How Chronic Pain Led Me to Illegal Drugs

(Editor's note: This column was written by someone I've known for several years and consider a friend. The author is intelligent, college educated and works full time. They also have a progressive and incurable chronic pain condition. Like a growing number of pain patients who are undertreated or have lost access to pain care, my friend has turned to illegal drugs for pain relief. For obvious reasons, we are not disclosing the author's name.) 

For me, it started with borrowing a couple hydrocodone pills from my uncle, who’d just had surgery and didn’t finish his prescription.  

Technically illegal? Yes. Illegal illegal? Not really. That’s what I told myself.

I run out of pain pills early every month — because they are prescribed to take one every six hours and only last about three. So I was happy to have a few more to get through those last few days before my refill.  

I always need more though, because the pain is always there. So I started to swap pills with my cousin, who also has chronic pain.  “Here, take 10 of mine today,” I’d offer.  

Then a few days later, I’d go back with, “Okay, now I need to borrow some pills from you. Maybe just five to get me through until my next refill?”  

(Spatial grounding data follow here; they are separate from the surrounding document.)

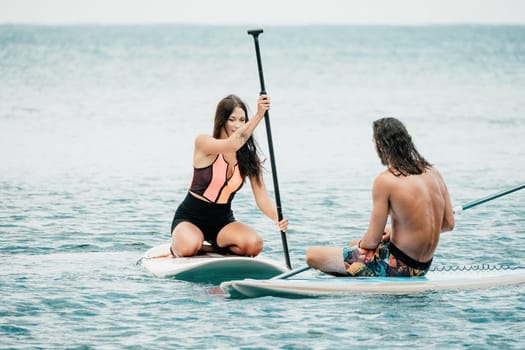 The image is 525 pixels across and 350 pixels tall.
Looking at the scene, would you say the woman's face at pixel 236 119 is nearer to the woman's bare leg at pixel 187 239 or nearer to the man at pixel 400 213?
the woman's bare leg at pixel 187 239

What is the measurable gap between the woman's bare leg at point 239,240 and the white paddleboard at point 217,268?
0.27 feet

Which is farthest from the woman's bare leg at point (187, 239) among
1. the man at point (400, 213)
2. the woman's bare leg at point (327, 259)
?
the man at point (400, 213)

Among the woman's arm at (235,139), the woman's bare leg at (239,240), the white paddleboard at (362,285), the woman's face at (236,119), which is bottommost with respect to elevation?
the white paddleboard at (362,285)

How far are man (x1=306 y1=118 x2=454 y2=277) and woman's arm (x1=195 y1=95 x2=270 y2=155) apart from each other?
983 mm

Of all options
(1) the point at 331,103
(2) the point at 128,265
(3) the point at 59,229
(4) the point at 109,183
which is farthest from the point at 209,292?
(1) the point at 331,103

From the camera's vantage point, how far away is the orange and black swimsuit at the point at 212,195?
28.8 ft

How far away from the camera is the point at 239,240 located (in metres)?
8.69

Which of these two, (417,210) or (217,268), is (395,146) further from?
(217,268)

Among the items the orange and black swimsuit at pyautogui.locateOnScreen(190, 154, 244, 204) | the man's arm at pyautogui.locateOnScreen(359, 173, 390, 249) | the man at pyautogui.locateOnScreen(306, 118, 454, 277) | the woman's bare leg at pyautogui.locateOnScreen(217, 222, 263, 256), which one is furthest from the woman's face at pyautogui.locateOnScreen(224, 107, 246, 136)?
the man's arm at pyautogui.locateOnScreen(359, 173, 390, 249)

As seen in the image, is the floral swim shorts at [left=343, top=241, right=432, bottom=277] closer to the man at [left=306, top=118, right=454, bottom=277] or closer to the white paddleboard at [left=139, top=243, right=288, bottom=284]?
the man at [left=306, top=118, right=454, bottom=277]

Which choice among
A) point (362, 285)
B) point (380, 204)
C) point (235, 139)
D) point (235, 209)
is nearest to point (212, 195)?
point (235, 139)

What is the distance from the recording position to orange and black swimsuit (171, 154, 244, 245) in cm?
878

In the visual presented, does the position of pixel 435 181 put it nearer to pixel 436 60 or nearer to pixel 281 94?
pixel 281 94

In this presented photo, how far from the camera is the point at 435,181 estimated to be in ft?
25.2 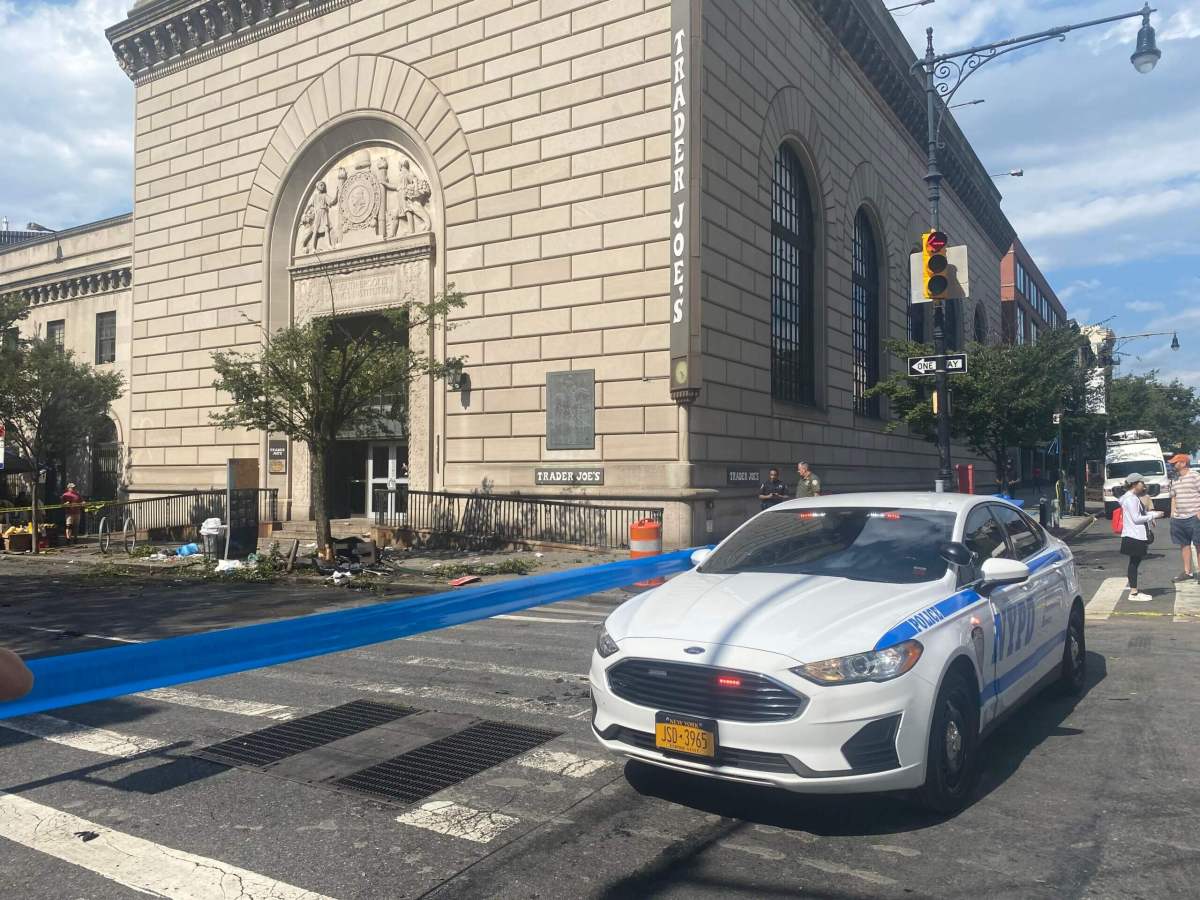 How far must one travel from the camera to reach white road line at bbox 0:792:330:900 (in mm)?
3953

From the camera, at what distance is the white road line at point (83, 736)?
237 inches

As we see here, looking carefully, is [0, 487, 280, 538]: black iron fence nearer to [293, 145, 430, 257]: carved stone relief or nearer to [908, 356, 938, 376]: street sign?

I know she would never consider those drug deals. She would never consider herself a dealer. She goes to church for goodness sake. 

Eventually, I started to pay a little cash for 5mg pills from a friend of a friend, because it seems only fair to give him something in return.

I guess that’s about as “drug deal” as drug deals get. Here is money for you in exchange for drugs for me. There’s no way to really argue that.   

But it still didn’t feel like a drug deal. He’s doing me a favor, so I’m doing him a favor. We’re working professionals. We’re not meeting in a dark alley. Nobody has a gun on them. We’re just helping each other.

Then I started buying marijuana to see if it would help with the pain.  I felt like marijuana was easier to get than my monthly pain pill prescription. And as long as I had the money, I could get as much as I wanted.  

I bought it from an old high school friend, who has a quiet house in the country and always invites me over for dinner. It felt more like buying homemade jewelry than buying homemade drugs. And she’d send me home with marijuana edibles that didn’t seem all that different than any other muffins my friends would bake for me.  

Recreational marijuana isn’t legal where I live, but it is in a lot of other places, so it’s still easy to justify this one to myself. My state is just a little behind. We’ll catch up. And soon buying an eighth won’t be much different than buying a pack of cigarettes.  

The marijuana doesn’t help me much other than putting me to sleep, so I hardly ever buy it. But if it did work — if it helped anywhere close to the way hydrocodone does — I would become a regular customer.  

Since I didn’t like it or use that much, I ended up selling some leftover marijuana to a friend’s uncle. That’s about when I officially became a dealer myself, I suppose.  

And now, I’m regularly buying extra hydrocodone from the local drug dealer. I meet up with him in the alley behind his apartment. He does not make drug dealing look glamorous. He never has enough money for his phone bill, he always needs a ride, and I’m pretty sure he uses the money I give him to buy heroin.  

I tell myself that most people would do what I was doing if they were enduring the kind of daily, debilitating chronic pain that I have. It’s either this or suicide.  

I try to get my doctor to increase my prescription and hold my breath every time they drug test me. So far, I’ve always passed. And so far, my prescription has yet to last me until the end of the month.  

All these illegal drugs get expensive. $10 for one 10mg hydrocodone. You can whip through $300 a week easily. Hydrocodone is more expensive than heroin and even harder to get.  

Sometimes I wonder if I should just take the leap and buy $20 worth of heroin, which would be more potent than $400 worth of hydrocodone pills. I know where I can get it now, thanks to my new connections to the local dealer.  

But so far, I’ve resisted. Not worth the possible side effects. Not worth the hassle. And not worth the potential legal issues. If I buy hydrocodone, I can slip them into one of my pill bottles with a legitimate label and the cops would have a hard time proving they weren’t mine. Heroin is a little more difficult to hide. 

I know some heroin users and they aren’t like the ones in the movies. They aren’t shooting up in dark alleys. They’re doing it in the morning to combat chronic pain. They’re doing it so they can go to work. They’re doing it because their legitimate doctor cut them off. They’re doing it so they can live their lives.  

And that’s what I'm doing, too. I bought 10 hydrocodone this morning, because I needed something to get me through the work day. Without opioid pain medication, I wouldn’t even be able to check my emails.  

I don’t know what the solution is, but I do know that when you’re in pain, you’ll do anything to make it stop. And as long as the only way to make it stop comes down to buying illegal drugs or killing myself, I’ll keep choosing illegal drugs — and pray that it doesn’t lead to me accidentally killing myself.  

The information in this column should not be considered as professional medical advice, diagnosis or treatment. It is for informational purposes only and represents the author’s opinions alone. It does not inherently express or reflect the views, opinions and/or positions of Pain News Network.